A scrum penalty allowed Chieftains to activate the pressure release valve, but an overthrown line-out handed the initiative back to Melrose, only for the visitors to kick the ball away. The home team were ready to capitalise this time – with Vernon finishing off a sweeping attack with about ten minutes to go.
That score initially knocked the wind out of Melrose’s sales. Their restart didn’t go ten and their previously dominant scrum disintegrated, gifting Chieftains a penalty.
But they regrouped enough to win a long-range penalty in the final play of the match which would have earned a losing bonus-point at the death, but Jackson’s effort hit the post. Hastings collected the rebound and coolly fired the ball out of play to secure the win.
“We just have to take it on the chin. I don’t think there was much in the game. Adam Hastings had a few good moments. I think we switched off a couple of time while they stayed really focussed for the full 80 minutes so full credit to them,” said Melrose head coach Rob Chrystie.
“I think we were better this week than against Ayr last week so I’m happy with that, but we need to get back and start grafting again – being critical of each other and working hard. We’ll be better for tight games like this. Our game management maybe wasn’t the best at times.”
Currie Chieftains: A Hastings; C Gray, R Tagive, R Nelson, B Robbins; J Forbes, C Shiel; K Burney, G Carson, A McWilliam, H Bain, V Wright; L Crosbie; T Gordon, R Vernon. Subs: C Mackintosh, D Ferguson, M Vernel, M Hooks.
Melrose: C Jackson; G Wood, N Godsmark, G Taylor, R McCann; J Baggott, B Colvine; G Shiels, R Anderson, N Beavon, A Runciman, R Knott, N Irvine-Hess, G Runciman, I Moody. Subs: R Ferguson, R McLeod, M McAndrew, A Lockington.
Chieftains: Tries: Hastings 2, Shiel, Vernon; Cons: Forbes 2.
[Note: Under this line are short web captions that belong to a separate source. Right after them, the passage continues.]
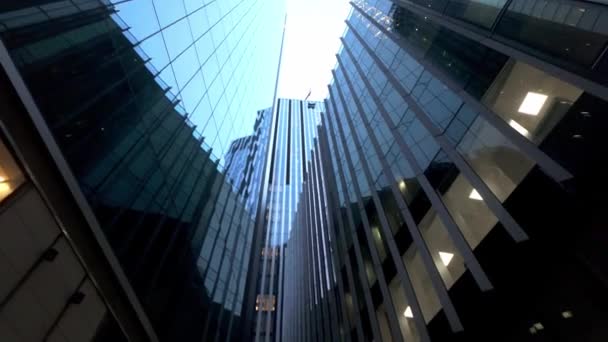 Wtw Willis Towers Watson Stad Londen London Verenigd Koninkrijk December — Stockvideo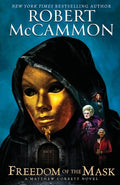 Cover Image for Freedom of the Mask -- Robert McCammon, Paperback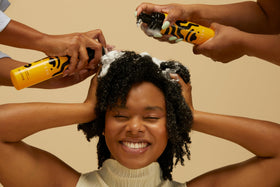 PATTERN Curl Mousse 8 fl oz with Marshmallow Root and Castor Oil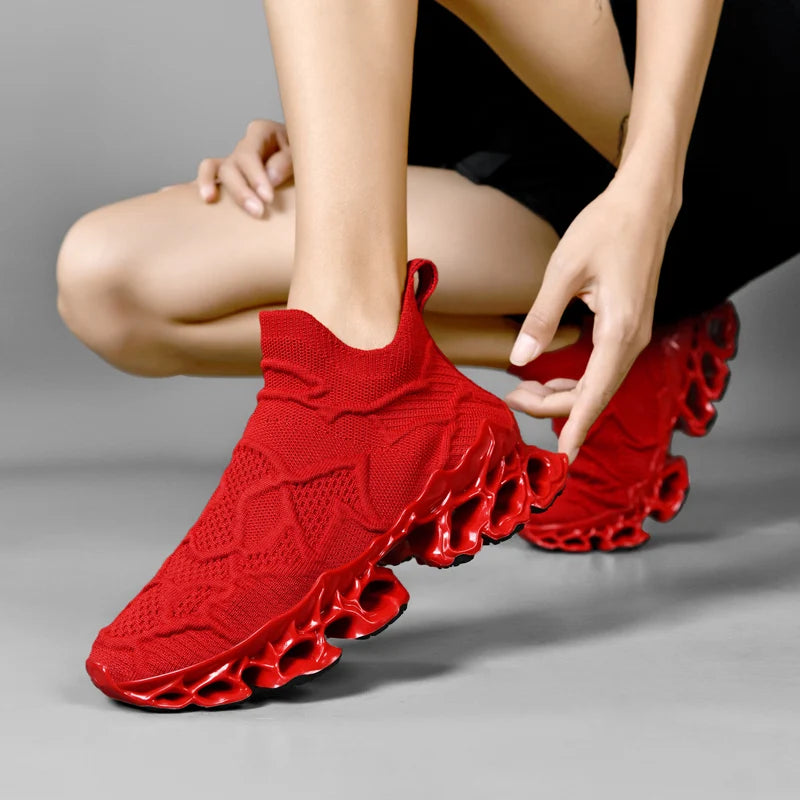 Casual Breathable Fashion Sneakers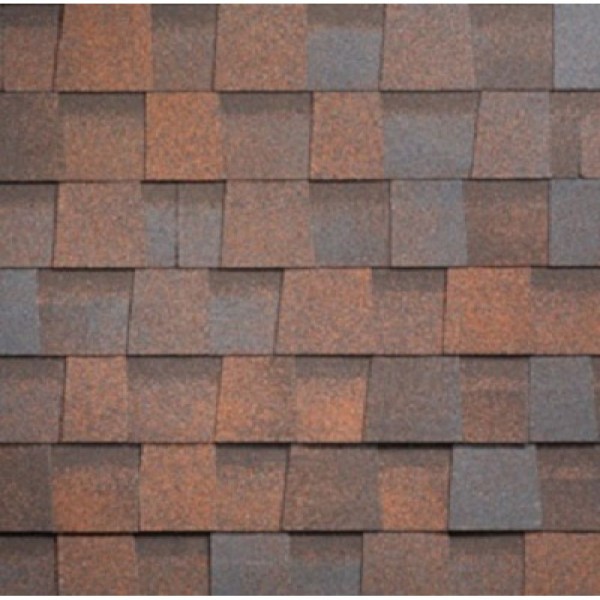 Двухслойная ламинированная черепица Shinglas, серия Джаз – Севилья купить в Стерлитамаке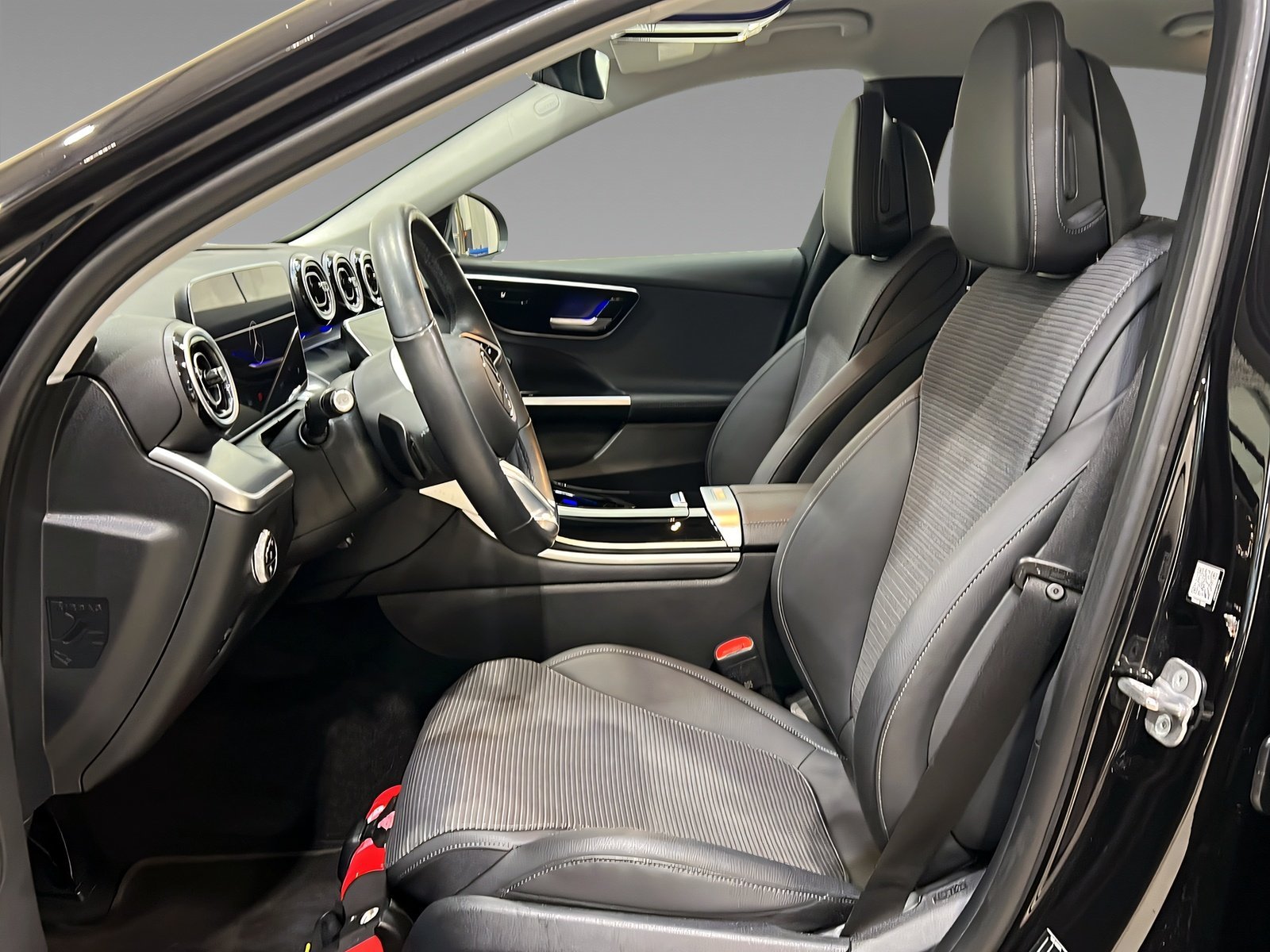 C 180 AVANTGARDE+LED+CarPlay+LrHz+DAB+AHK+360° Bild 9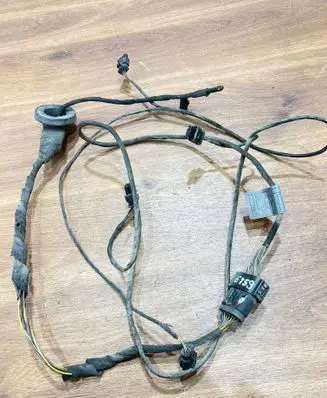 BMW 5 E60 E61 Parking sensor (PDC) wiring loom 9122276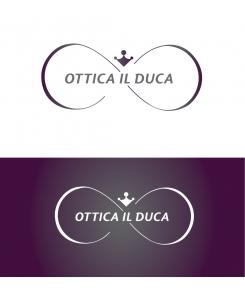 Logo design # 685734 for Design a simple and never-forget logo for an optometrist office contest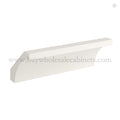 Charleston White Raised Panel Cove Crown Moulding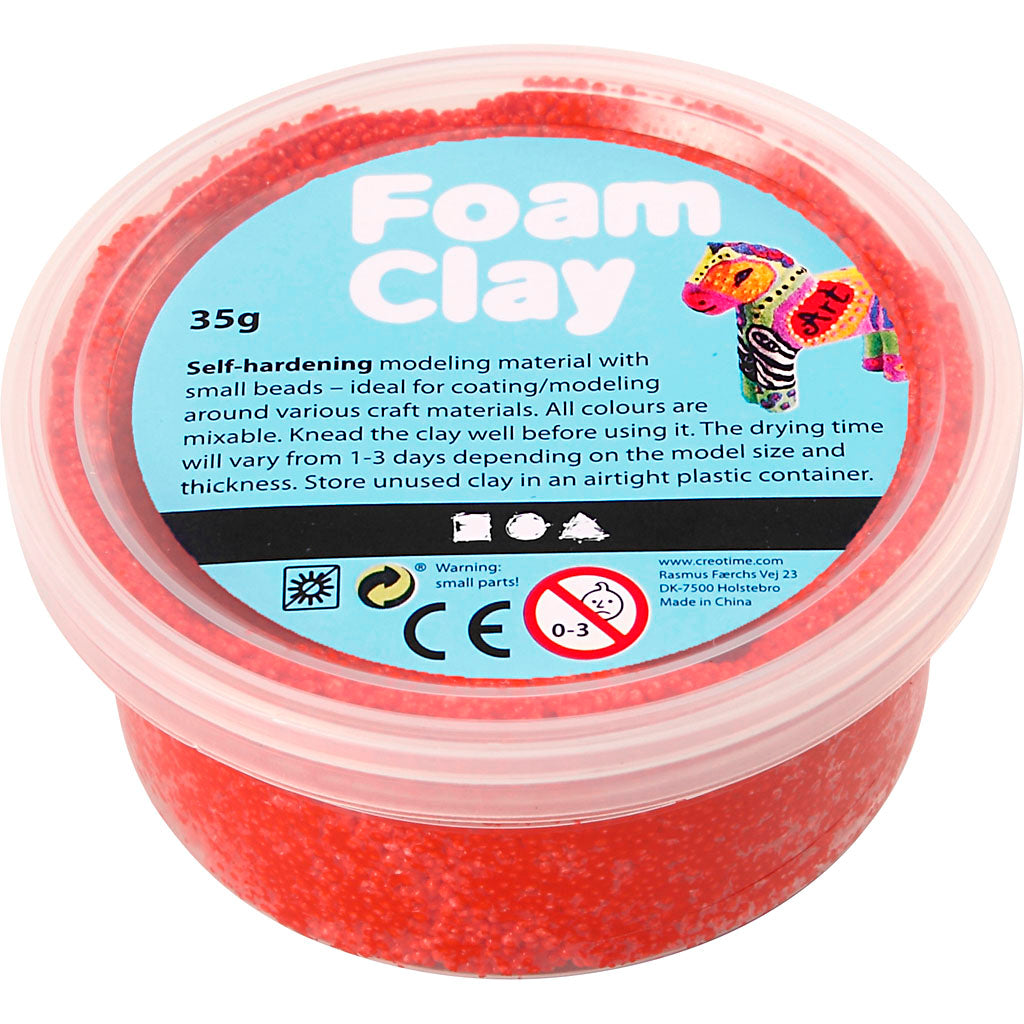 Creativ Foam Clay® Tubs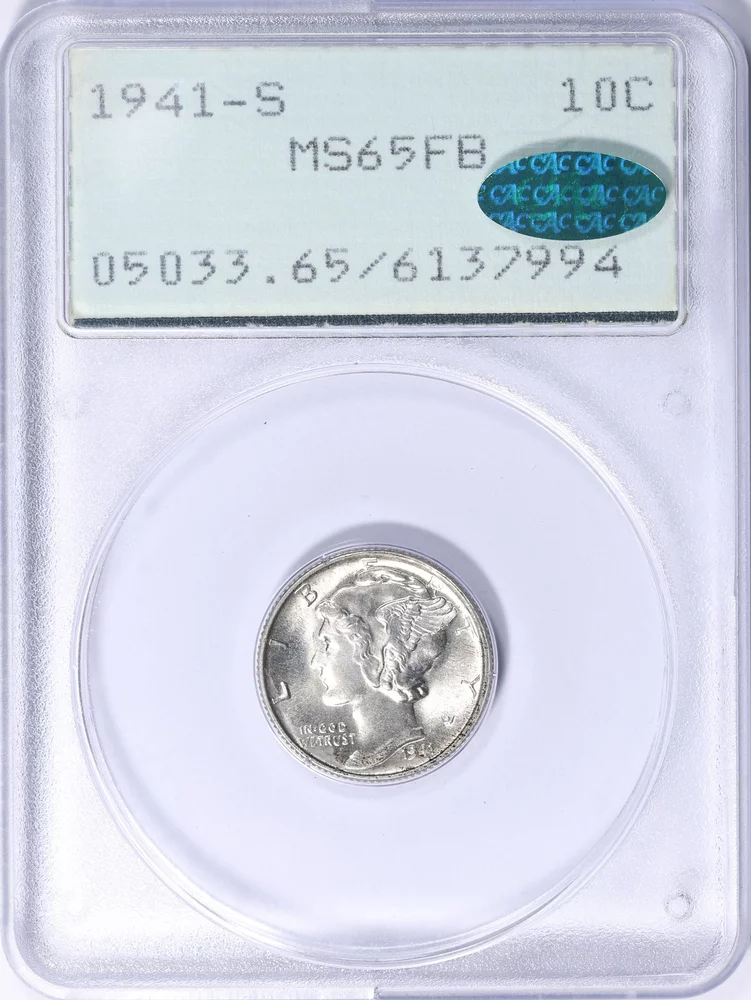 Marketplace coin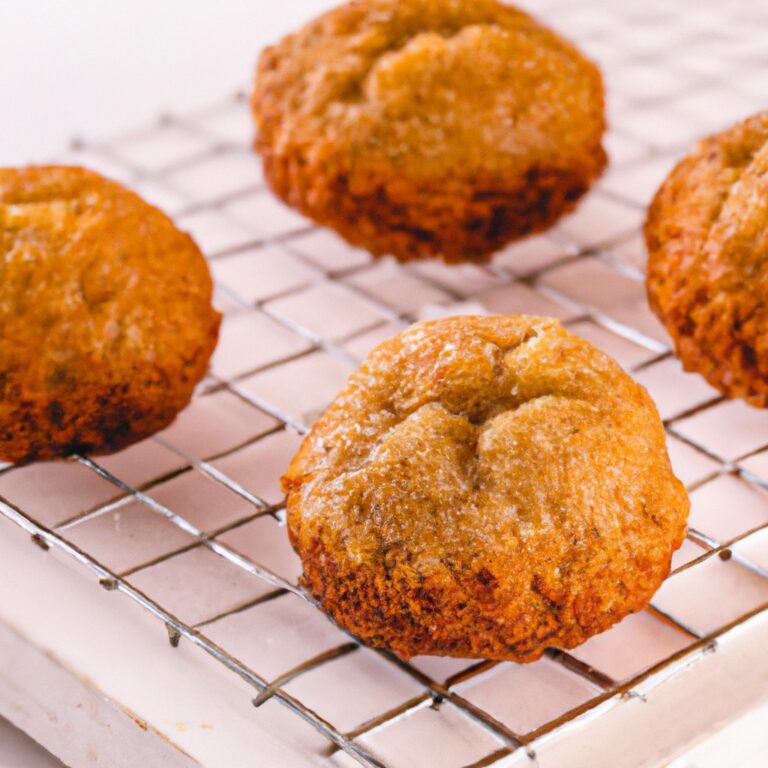 Tortinhas Bolinho De Banana Receita Deliciosa Na Airfryer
Melrose: Tries: Jackson, Shiels; Cons: Jackson; Pen: Jackson
Scoring sequence (Chieftains first): 5-0; 7-0; 7-5; 7-10; 7-12; 12-12; 14-12 (h-t) 19-12; 19-15; 24-15.
Referee: Julien Castaignade (France)
Man-of-the-Match: Plenty of contenders amongst the home ranks but Robbie Nelson’s all-round physicality and controlled aggression in defence set the tone.
Talking point: This title race is no longer a foregone conclusion, but can the Chieftains maintain the head of steam they have built up in recent outings?